Im Jahr 1976 wird der britische Toningenieur Gilderoy (Toby Jones) nach Rom geholt, um an der Tonspur eines Films zu arbeiten. Früh sieht man den Vorspann dieses Films, betitelt The Equestrian Vortex, einen jener typischen Vorspänne des italienischen Genrekinos jener Jahre, komponiert aus leuchtendem Rot und tiefstem Schwarz, mit schattenhaften Umrissen von Figuren und unterlegt mit einer treibenden Musik. Aber dieser Vorspann ist in gewisser Weise auch eine Täuschung, weckt er doch beim Cineasten den Appetit auf mehr. Der Film allerdings, bei dem es um Hexen, Folterungen und den Auftritt Satans geht, bleibt für den Kinozuschauer unsichtbar, er ist fortan nur noch auf der Tonspur präsent – und als Flimmern auf den Gesichtern der Menschen im Studio, die diese Tonspur erstellen.

Da werden verschiedenste Obst- und Gemüsestücke (bevorzugt Wassermelonen) mit Messern traktiert oder schwungvoll berstend auf den Fußboden geschleudert, was martialische Geräusche erzeugt, die von exzessiven körperlichen Torturen im Film künden; diverse Darstellerinnen bemühen sich, markerschütternde Schreie auszustoßen.

Nie verlässt der Film die Welt der Innenräume, neben dem spärlich ausgeleuchteten Tonstudio sieht man lediglich einen hellen, menschenleeren Flur und Gilroys ebenfalls abgedunkeltes Apartmentzimmer, in dem die Lektüre von Briefen seiner Mutter die einzige Abwechslung für den Engländer fern der Heimat markiert – Briefe über das Wachstum der Pflanzen im Garten und geschlüpfte Vogeljunge. Wenn der letzte dieser Briefe plötzlich nahe an die Welt von The Equestrian Vortex heranrückt, ahnt der Zuschauer, dass Gilderoy Gefahr läuft, seinen Verstand zu verlieren – oder dies tatsächlich schon geschehen ist.
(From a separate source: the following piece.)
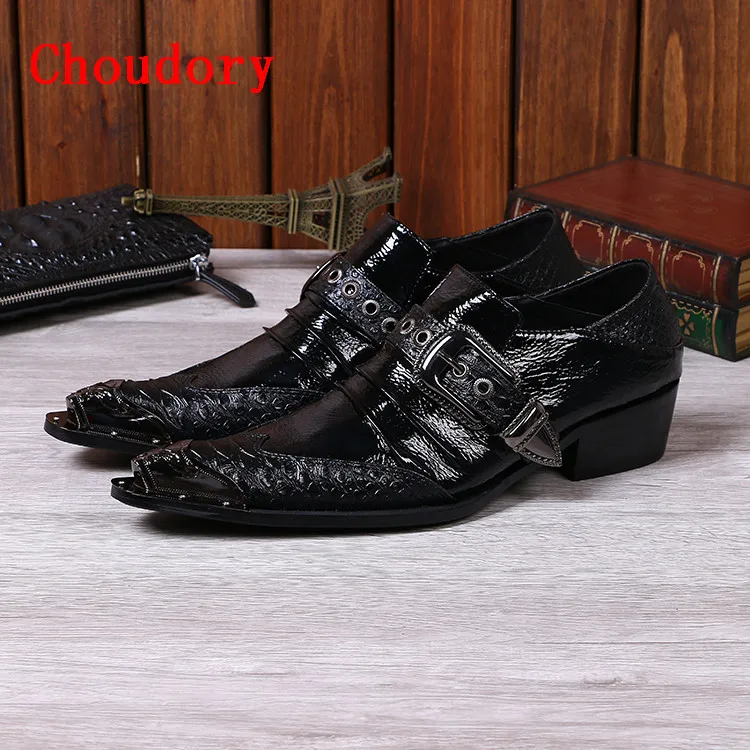 Choudory Мужская Мода Лакированной Кожи Черное Платье Мокасины Из Натуральной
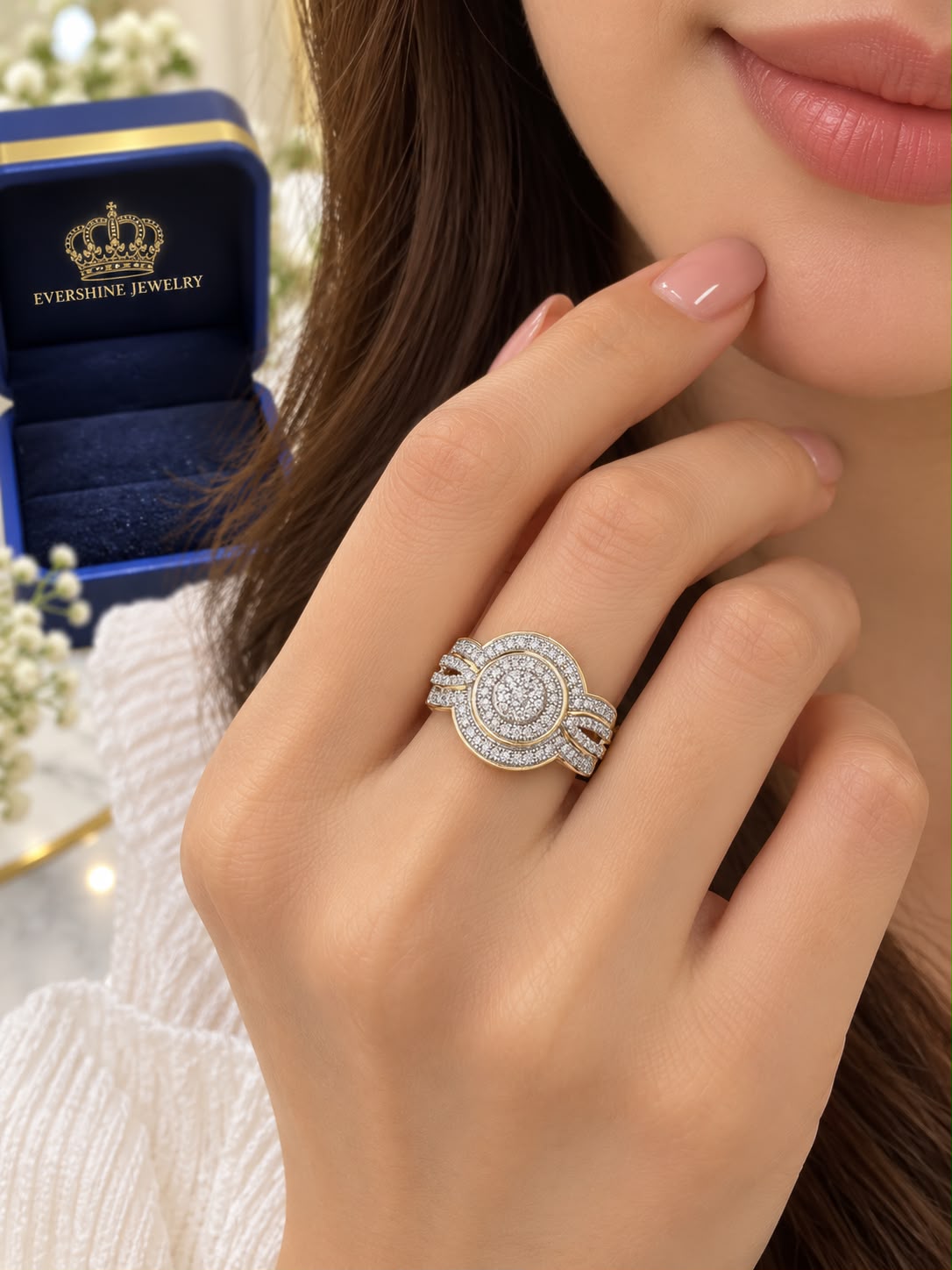 10K Yellow Gold 0.33 CT Diamond Round Cluster Statement Ring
Es ist ein konsequenter Endpunkt einer alptraumhaften Entwicklung, in der die Macht der Filmbilder ihre Wirkung nicht verfehlt. Schon die wiederholt in Nahaufnahme ins Bild gerückten behandschuhten Hände beschworen zuvor den »Giallo« herauf, zu dessen Merkmalen solche Bilder gehören – dabei hantieren diese Hände hier nur mit dem Filmstreifen. Gilderoy, kongenial verkörpert von Toby Jones, versucht immer wieder, die Erstattung seiner Flugkosten einzuklagen. Das wird ihm ein ums andere Mal verweigert und nimmt schließlich kafkaeske Züge an, wenn er nach vielen Vertröstungen schließlich einen Mann am Telefon hat, der glatt behauptet, dass es diesen Flug nie gegeben habe. Doch am Ende ist das noch das kleinste von Gilroys Problemen.